Mojave National Preserve

Plants & Wildlife
Kelso Dunes frames the Providence Mountains in Mojave National Preserve

The desert in the Mojave National Preserve ranges in elevation from less than 1,000 feet to almost 8,000 feet. The park lies at the confluence of three major American deserts: the Great Basin, the Mojave, and the Sonoran. Although the Mojave National Preserve lies officially in the Mojave Desert, the area contains floral elements from all three deserts. Nearly 70 percent of the vascular plants known to occur in the California desert can be found in this preserve.

In addition to the ubiquitous creosote bush and other typical desert vegetation, there are many unusual plant communities or occurrences. For instance, the New York Mountains host manzanita, California lilac, oak, and silk tassel—all characteristic of coastal plant communities. At the same time, the Mid Hills support sagebrush and Utah juniper—species usually associated with the Great Basin. At the other extreme, smoke tree and ocotillo, typical Sonoran Desert species, reach into the southeastern corner of the preserve.

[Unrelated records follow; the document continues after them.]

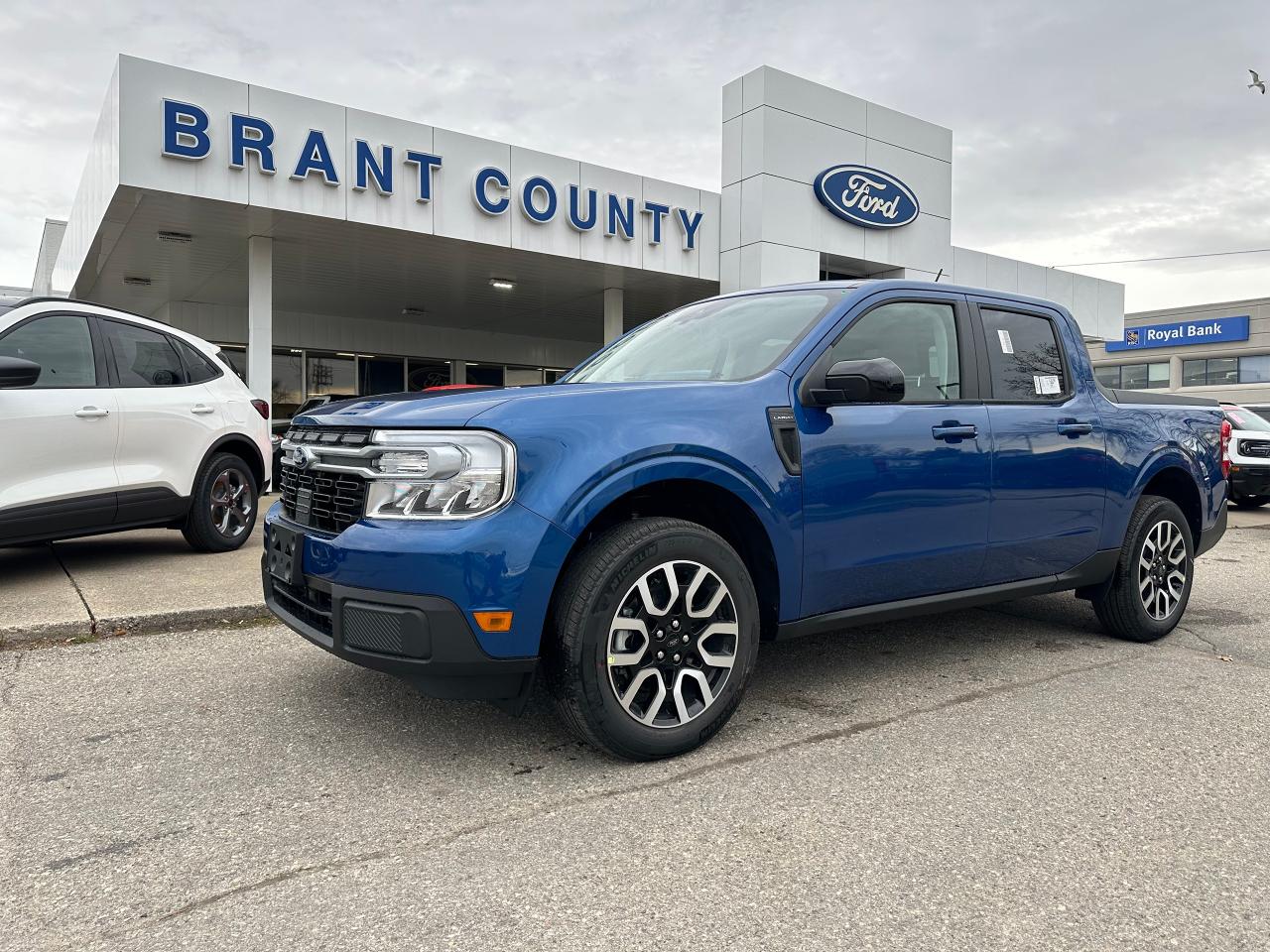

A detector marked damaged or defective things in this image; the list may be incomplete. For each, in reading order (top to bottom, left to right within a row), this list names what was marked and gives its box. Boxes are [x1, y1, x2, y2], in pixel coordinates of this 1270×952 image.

parking lot crack [48, 542, 96, 642]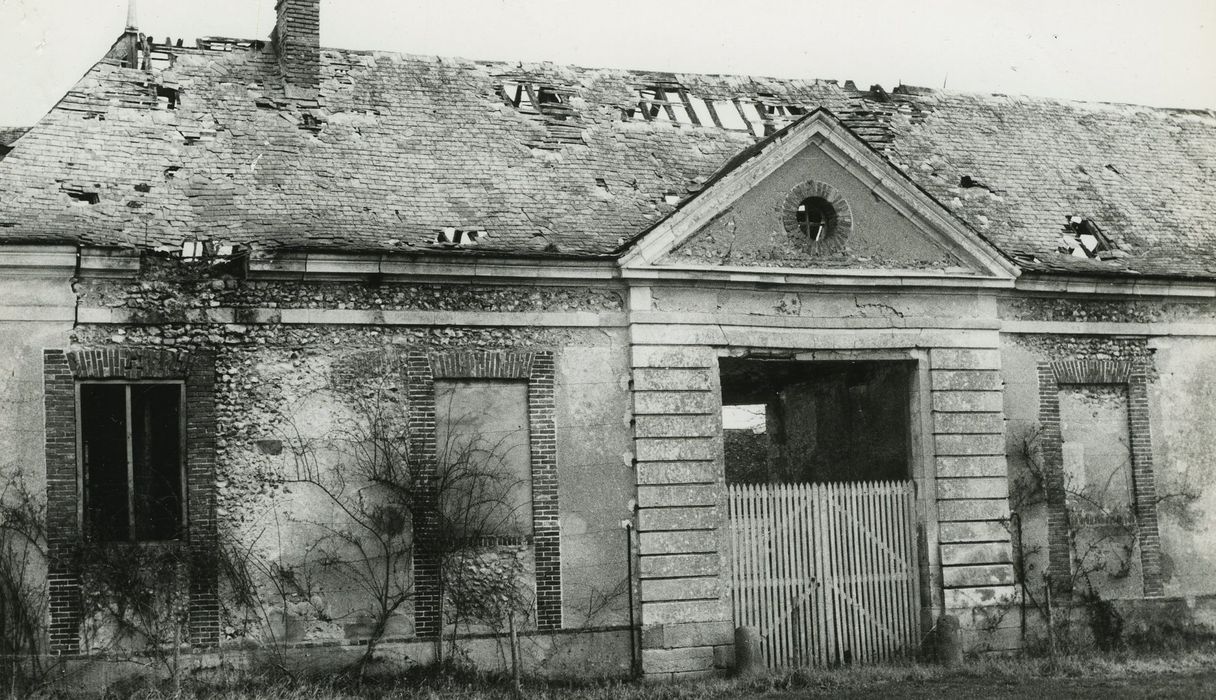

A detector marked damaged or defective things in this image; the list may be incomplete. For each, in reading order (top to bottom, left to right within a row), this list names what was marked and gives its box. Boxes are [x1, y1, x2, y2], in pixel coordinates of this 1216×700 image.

damaged tile roof [0, 33, 1211, 279]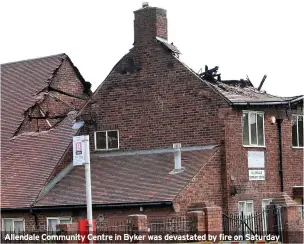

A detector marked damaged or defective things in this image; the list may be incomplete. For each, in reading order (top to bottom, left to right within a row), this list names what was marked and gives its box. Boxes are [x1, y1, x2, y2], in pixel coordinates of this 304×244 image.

fire-damaged roof [0, 54, 90, 209]
fire-damaged roof [34, 147, 217, 208]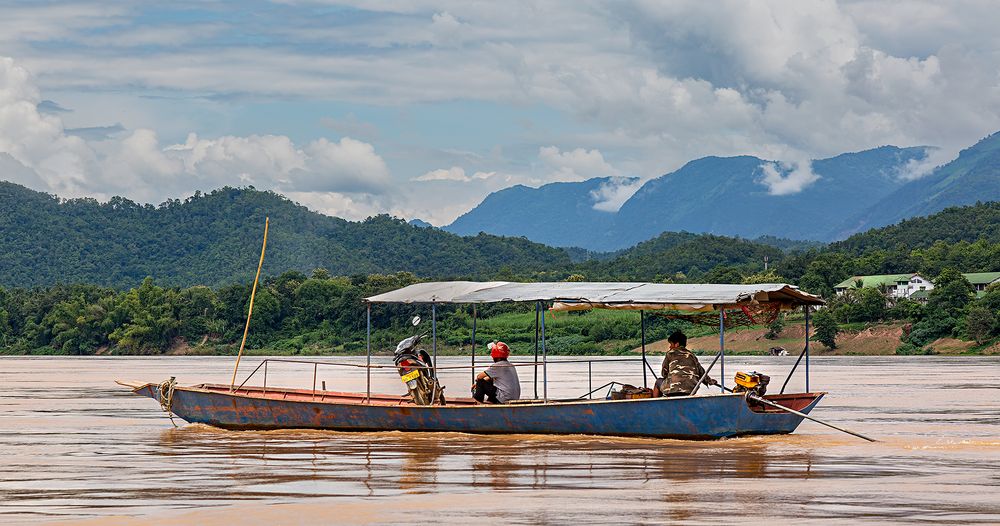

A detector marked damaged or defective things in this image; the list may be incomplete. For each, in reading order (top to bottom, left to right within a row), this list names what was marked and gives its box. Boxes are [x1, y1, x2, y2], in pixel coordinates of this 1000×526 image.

rusty metal hull [125, 384, 824, 442]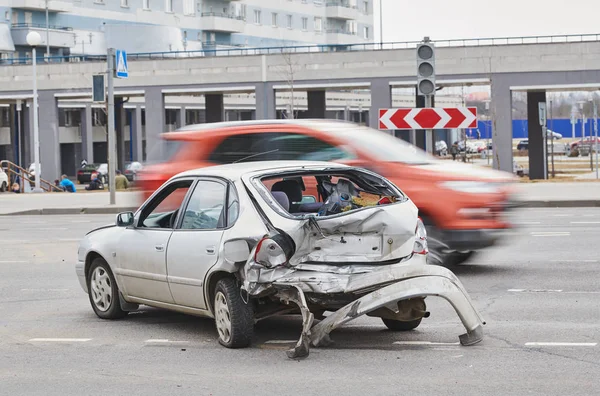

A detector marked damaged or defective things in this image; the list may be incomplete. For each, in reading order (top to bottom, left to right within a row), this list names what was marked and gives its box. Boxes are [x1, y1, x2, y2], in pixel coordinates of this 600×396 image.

broken taillight [253, 232, 296, 270]
damaged silver sedan [77, 161, 486, 358]
detached bumper piece [274, 264, 486, 360]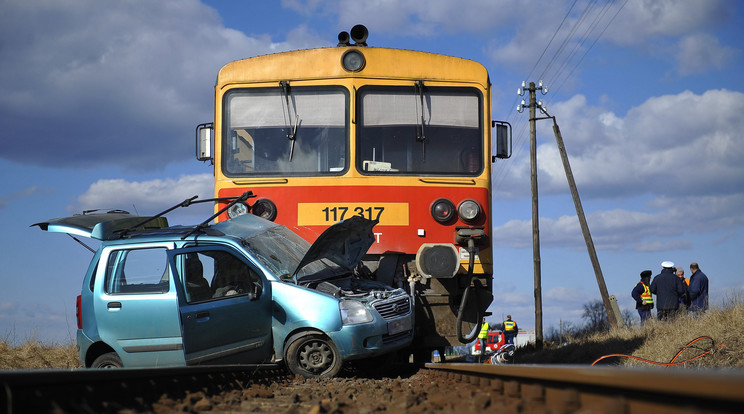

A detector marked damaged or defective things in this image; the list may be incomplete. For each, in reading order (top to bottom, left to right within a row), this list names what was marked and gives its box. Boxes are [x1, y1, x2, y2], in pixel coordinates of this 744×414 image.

broken windshield [224, 86, 348, 177]
broken windshield [356, 85, 482, 175]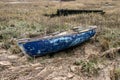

Other unusual plant occurrences include the westernmost known stands of white fir in southern California. These relict stands are found in the New York Mountains and on Clark Mountain in the Clark Mountains.

Mojave yucca, up to 10 feet tall, occur on the slopes of the Woods, Providence, and Hackberry Mountains. The Woods and Hackberry Mountains also support extensive stands of desert succulents, including silver cholla, buckhorn cholla, barrel, hedgehog, pin-cushion, beavertail, and prickly pear cactus. Piute Creek, the only perennial stream in the eastern Mojave, supports cottonwood and other riparian vegetation.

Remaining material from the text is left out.